A study undertaken for BITC by Ipsos Mori among 100 FTSE 100 companies found that those firms that actively worked to improve staff wellbeing and enforce workplace health policies saw a 10% boost to their financial performance. This was because they reaped the benefits of higher employee engagement, reduced absentee and attrition rates as well as enhanced corporate reputation.
Moreover, workplace presenteeism – or staff coming to work when they were sick – was estimated to cost UK employers £15 billion a year in lost productivity, or one and a half times more than absenteeism.
As a result, a ‘best practice’ group of 37 companies, which provided quantitative measures in relation to at least two of the four principles defined in BITC’s Workwell Model reported an increased shareholder return of 61% last year. The rest averaged about 51%.
Louise Aston, national director of BITC’s Business Action on Health campaign told Personnel Today that, although it was tempting to cut back on health and wel-being initiatives in a difficult economic climate, in reality, it did not make financial sense.
“For every £1 you invest, you get £3 back. It’s a false economy to cut back on investment,” she said, but added that to be effective, responsible business practices needed to be embedded into corporate culture and become part of core business objectives.

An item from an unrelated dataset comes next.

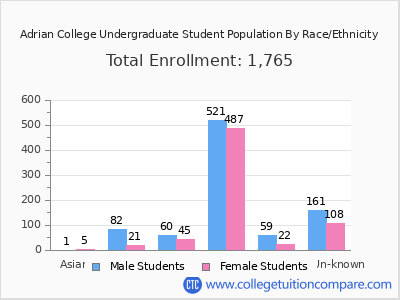Adrian College 2025 Undergraduate Enrollment by Gender and Race chart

A second study, meanwhile, also revealed a statistically important link between corporate financial performance and the effective management and governance of environmental and social issues.
The research, which was likewise undertaken by Ipsos Mori and sponsored by financial services firm Legal & General, showed that those companies which actively managed and measured their CSR activities outperformed the FTSE 350 in total shareholder return terms by between 3.3-7.7% during 2002 and 2007.
The findings also indicated that the more organisations measure their environmental and social impact, the less volatile their stock price is.